Top of Available records

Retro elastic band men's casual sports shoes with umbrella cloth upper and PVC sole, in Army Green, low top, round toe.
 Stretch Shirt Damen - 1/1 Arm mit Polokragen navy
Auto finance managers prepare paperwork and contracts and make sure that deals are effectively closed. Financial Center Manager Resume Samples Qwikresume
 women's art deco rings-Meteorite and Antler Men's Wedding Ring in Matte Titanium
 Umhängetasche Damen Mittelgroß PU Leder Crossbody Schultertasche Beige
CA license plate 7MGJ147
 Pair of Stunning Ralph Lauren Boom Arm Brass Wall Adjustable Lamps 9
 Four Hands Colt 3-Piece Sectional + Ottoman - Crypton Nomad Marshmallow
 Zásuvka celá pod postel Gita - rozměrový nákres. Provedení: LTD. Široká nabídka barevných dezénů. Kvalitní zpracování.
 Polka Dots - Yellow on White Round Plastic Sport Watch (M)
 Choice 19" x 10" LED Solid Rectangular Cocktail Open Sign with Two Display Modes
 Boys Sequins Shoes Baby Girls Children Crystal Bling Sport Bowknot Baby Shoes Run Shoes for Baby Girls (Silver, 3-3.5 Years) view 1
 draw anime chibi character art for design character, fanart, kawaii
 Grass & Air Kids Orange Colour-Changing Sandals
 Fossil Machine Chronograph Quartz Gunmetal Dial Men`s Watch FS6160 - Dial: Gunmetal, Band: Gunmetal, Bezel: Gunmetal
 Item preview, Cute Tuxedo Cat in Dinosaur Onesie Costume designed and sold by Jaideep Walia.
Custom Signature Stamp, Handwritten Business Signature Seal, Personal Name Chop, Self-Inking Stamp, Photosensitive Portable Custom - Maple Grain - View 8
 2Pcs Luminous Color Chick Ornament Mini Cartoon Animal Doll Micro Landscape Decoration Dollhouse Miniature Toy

Bottom of Available records

▸ **Task statement**
Restate every record exactly, leaving nothing out.

▸ **Result of this task**
Retro elastic band men's casual sports shoes with umbrella cloth upper and PVC sole, in Army Green, low top, round toe.
 Stretch Shirt Damen - 1/1 Arm mit Polokragen navy
Auto finance managers prepare paperwork and contracts and make sure that deals are effectively closed. Financial Center Manager Resume Samples Qwikresume
 women's art deco rings-Meteorite and Antler Men's Wedding Ring in Matte Titanium
 Umhängetasche Damen Mittelgroß PU Leder Crossbody Schultertasche Beige
CA license plate 7MGJ147
 Pair of Stunning Ralph Lauren Boom Arm Brass Wall Adjustable Lamps 9
 Four Hands Colt 3-Piece Sectional + Ottoman - Crypton Nomad Marshmallow
 Zásuvka celá pod postel Gita - rozměrový nákres. Provedení: LTD. Široká nabídka barevných dezénů. Kvalitní zpracování.
 Polka Dots - Yellow on White Round Plastic Sport Watch (M)
 Choice 19" x 10" LED Solid Rectangular Cocktail Open Sign with Two Display Modes
 Boys Sequins Shoes Baby Girls Children Crystal Bling Sport Bowknot Baby Shoes Run Shoes for Baby Girls (Silver, 3-3.5 Years) view 1
 draw anime chibi character art for design character, fanart, kawaii
 Grass & Air Kids Orange Colour-Changing Sandals
 Fossil Machine Chronograph Quartz Gunmetal Dial Men`s Watch FS6160 - Dial: Gunmetal, Band: Gunmetal, Bezel: Gunmetal
 Item preview, Cute Tuxedo Cat in Dinosaur Onesie Costume designed and sold by Jaideep Walia.
Custom Signature Stamp, Handwritten Business Signature Seal, Personal Name Chop, Self-Inking Stamp, Photosensitive Portable Custom - Maple Grain - View 8
 2Pcs Luminous Color Chick Ornament Mini Cartoon Animal Doll Micro Landscape Decoration Dollhouse Miniature Toy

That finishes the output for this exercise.